● **Caption-style text data**:
::::
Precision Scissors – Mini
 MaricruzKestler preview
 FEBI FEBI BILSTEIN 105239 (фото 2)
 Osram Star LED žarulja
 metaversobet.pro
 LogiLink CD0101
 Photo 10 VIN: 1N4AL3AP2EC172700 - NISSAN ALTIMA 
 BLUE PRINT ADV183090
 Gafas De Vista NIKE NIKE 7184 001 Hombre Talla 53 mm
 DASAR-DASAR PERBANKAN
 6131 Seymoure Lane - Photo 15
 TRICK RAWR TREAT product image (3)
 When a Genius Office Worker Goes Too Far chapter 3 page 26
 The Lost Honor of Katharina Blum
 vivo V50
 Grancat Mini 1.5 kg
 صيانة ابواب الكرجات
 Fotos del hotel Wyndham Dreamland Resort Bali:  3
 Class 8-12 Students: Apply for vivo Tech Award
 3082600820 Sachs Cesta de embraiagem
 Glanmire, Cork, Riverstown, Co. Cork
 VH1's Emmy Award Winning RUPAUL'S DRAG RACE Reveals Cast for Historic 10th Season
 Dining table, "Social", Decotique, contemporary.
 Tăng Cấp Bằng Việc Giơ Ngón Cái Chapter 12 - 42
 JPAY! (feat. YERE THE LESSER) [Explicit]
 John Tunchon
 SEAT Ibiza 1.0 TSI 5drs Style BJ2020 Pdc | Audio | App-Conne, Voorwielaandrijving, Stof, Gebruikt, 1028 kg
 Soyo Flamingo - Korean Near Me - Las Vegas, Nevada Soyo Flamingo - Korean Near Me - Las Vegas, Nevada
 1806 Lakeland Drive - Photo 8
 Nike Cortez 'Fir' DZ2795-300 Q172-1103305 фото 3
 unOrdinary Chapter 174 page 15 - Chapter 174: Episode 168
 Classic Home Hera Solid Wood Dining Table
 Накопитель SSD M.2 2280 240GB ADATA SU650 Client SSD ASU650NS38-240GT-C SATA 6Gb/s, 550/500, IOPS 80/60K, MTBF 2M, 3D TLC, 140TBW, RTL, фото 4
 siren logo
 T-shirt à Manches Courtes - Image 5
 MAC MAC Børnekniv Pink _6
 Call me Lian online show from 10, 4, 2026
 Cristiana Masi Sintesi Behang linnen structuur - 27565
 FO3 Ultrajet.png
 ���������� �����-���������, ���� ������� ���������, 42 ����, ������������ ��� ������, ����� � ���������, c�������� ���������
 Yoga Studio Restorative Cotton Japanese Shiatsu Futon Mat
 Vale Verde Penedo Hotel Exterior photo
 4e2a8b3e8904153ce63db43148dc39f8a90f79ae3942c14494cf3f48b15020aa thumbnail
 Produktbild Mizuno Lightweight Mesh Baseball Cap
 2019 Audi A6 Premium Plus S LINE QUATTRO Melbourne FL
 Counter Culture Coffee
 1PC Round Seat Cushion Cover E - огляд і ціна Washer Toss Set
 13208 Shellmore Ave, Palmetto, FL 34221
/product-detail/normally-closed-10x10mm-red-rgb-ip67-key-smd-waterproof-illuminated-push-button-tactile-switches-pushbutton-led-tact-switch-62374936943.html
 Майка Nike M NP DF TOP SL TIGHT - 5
::::
● **Exercise directions**:
The output should consist only of the lines from the one with "Produktbild Mizuno Lightweight" through the final line of the records above, exactly.

● **Completed task**:
 Produktbild Mizuno Lightweight Mesh Baseball Cap
 2019 Audi A6 Premium Plus S LINE QUATTRO Melbourne FL
 Counter Culture Coffee
 1PC Round Seat Cushion Cover E - огляд і ціна Washer Toss Set
 13208 Shellmore Ave, Palmetto, FL 34221
/product-detail/normally-closed-10x10mm-red-rgb-ip67-key-smd-waterproof-illuminated-push-button-tactile-switches-pushbutton-led-tact-switch-62374936943.html
 Майка Nike M NP DF TOP SL TIGHT - 5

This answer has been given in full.